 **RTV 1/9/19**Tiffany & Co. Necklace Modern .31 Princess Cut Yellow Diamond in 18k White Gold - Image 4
__________________________________________________
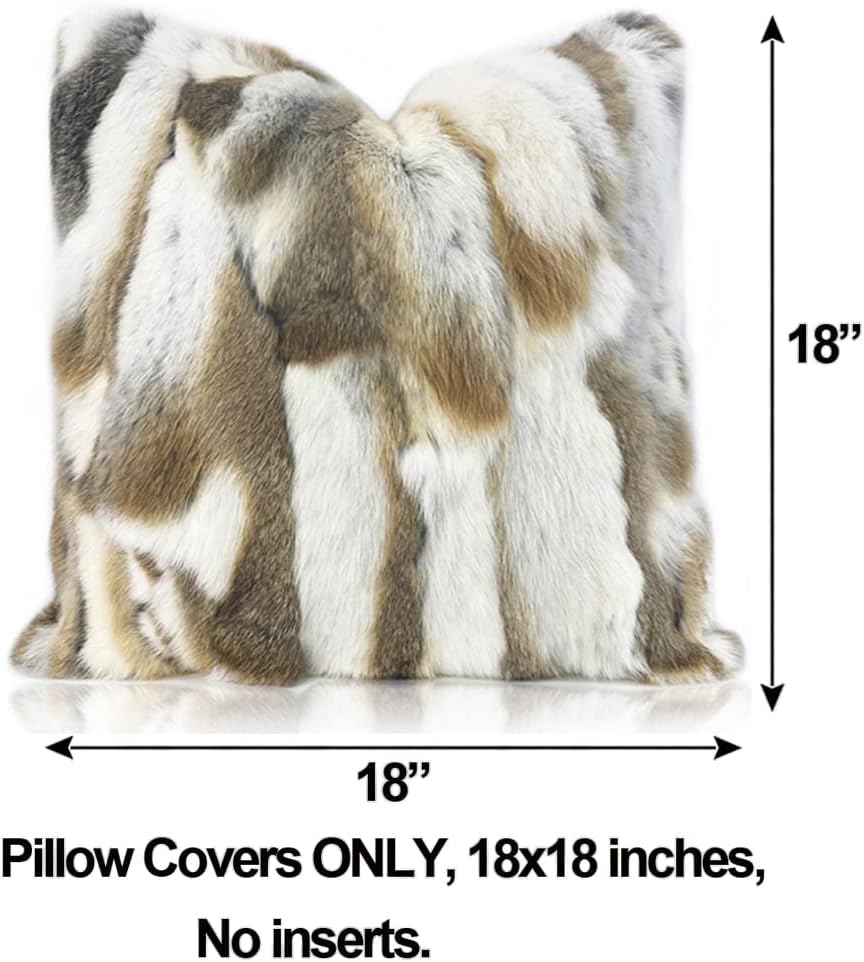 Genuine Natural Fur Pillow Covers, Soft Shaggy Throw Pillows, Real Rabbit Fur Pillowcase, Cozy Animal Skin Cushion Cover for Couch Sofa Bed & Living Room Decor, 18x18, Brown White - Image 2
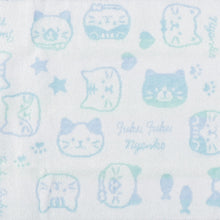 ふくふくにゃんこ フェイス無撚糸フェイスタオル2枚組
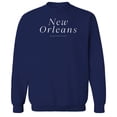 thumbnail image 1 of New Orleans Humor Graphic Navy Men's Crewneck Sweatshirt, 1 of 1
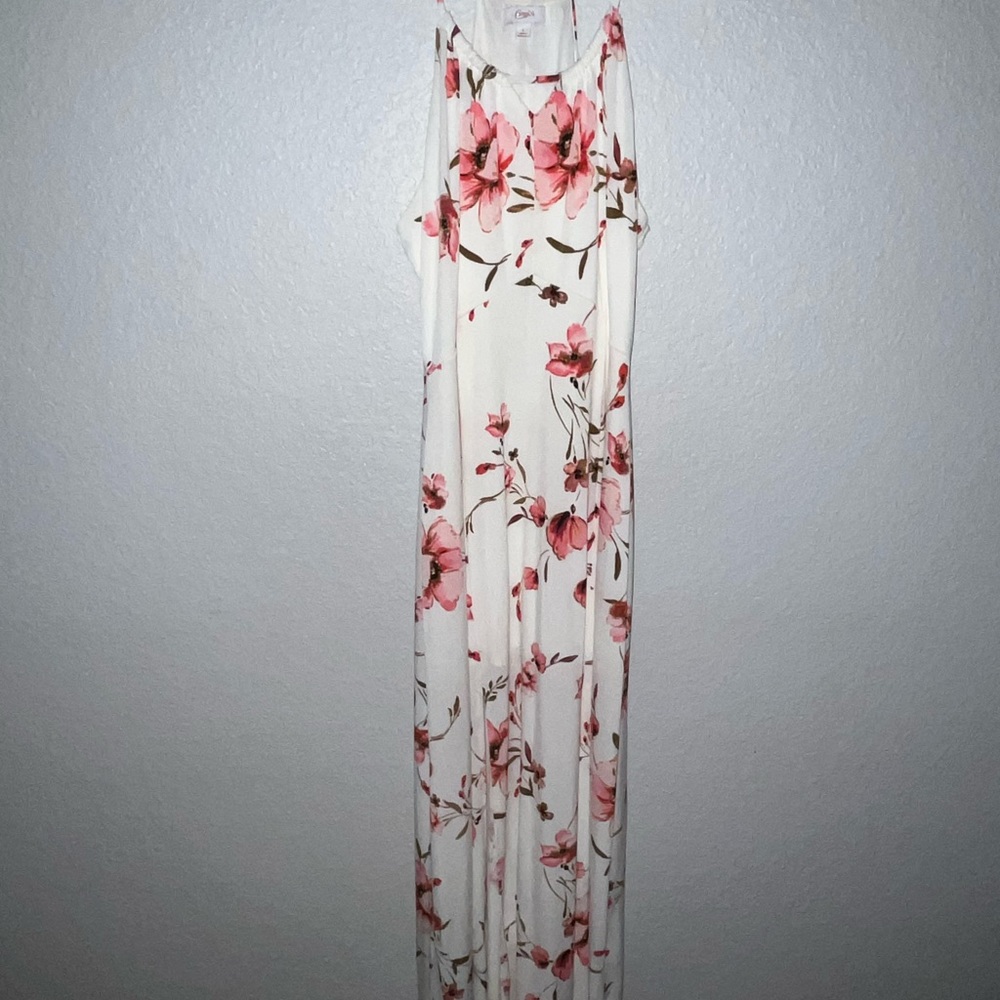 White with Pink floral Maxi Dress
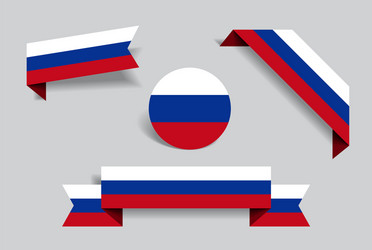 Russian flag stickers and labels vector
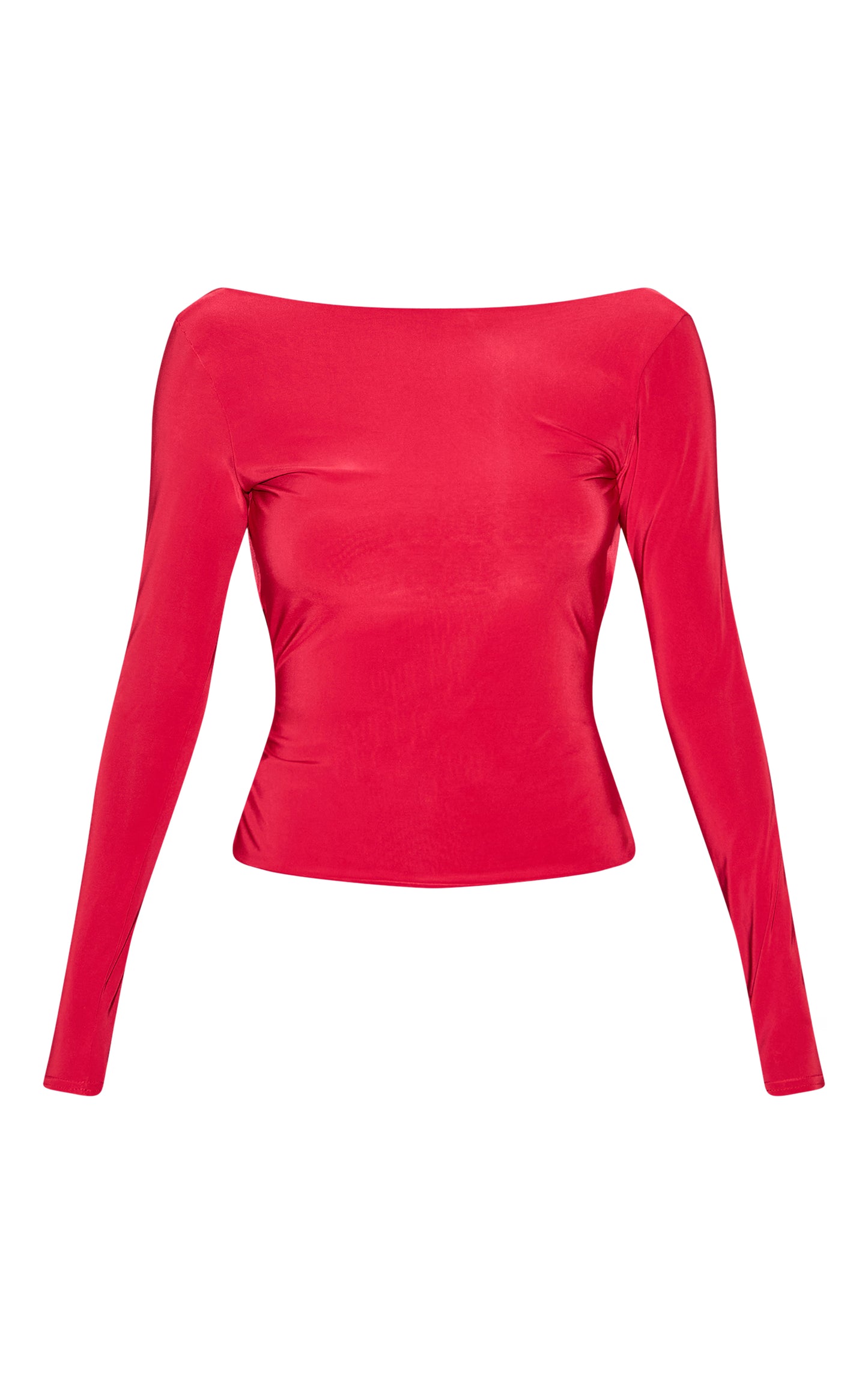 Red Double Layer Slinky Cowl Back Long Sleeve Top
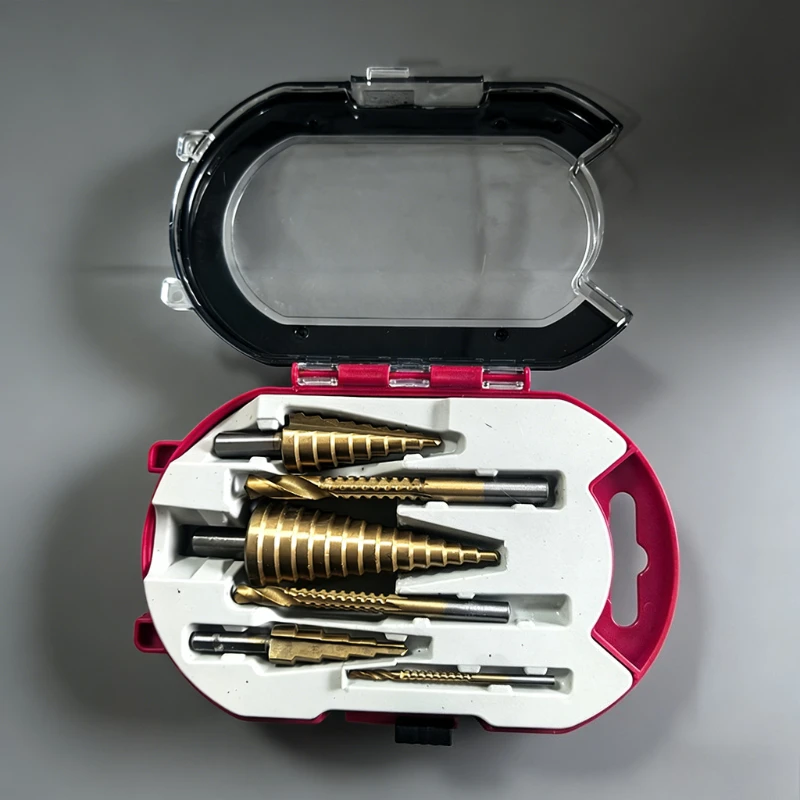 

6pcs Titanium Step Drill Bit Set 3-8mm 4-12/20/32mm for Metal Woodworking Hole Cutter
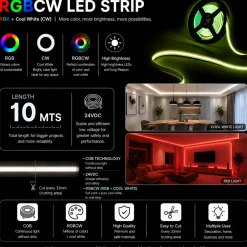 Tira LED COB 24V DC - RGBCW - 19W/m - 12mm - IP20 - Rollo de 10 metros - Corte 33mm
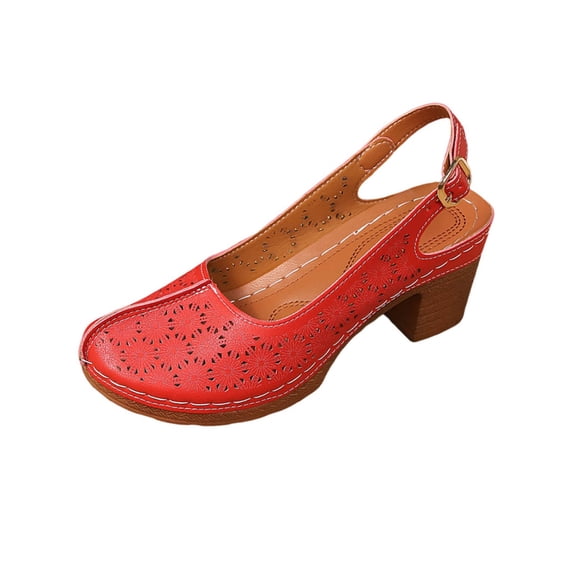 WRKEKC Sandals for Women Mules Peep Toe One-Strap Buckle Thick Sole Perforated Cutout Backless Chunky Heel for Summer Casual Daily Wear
__________________________________________________
> _Exercise goal_:
Give the lines above again exactly, from the one containing "6pcs Titanium Step" to the one containing "WRKEKC Sandals for", both included, but leave out the pictures.

> _Exercise result_:
6pcs Titanium Step Drill Bit Set 3-8mm 4-12/20/32mm for Metal Woodworking Hole Cutter
 Tira LED COB 24V DC - RGBCW - 19W/m - 12mm - IP20 - Rollo de 10 metros - Corte 33mm
 WRKEKC Sandals for Women Mules Peep Toe One-Strap Buckle Thick Sole Perforated Cutout Backless Chunky Heel for Summer Casual Daily Wear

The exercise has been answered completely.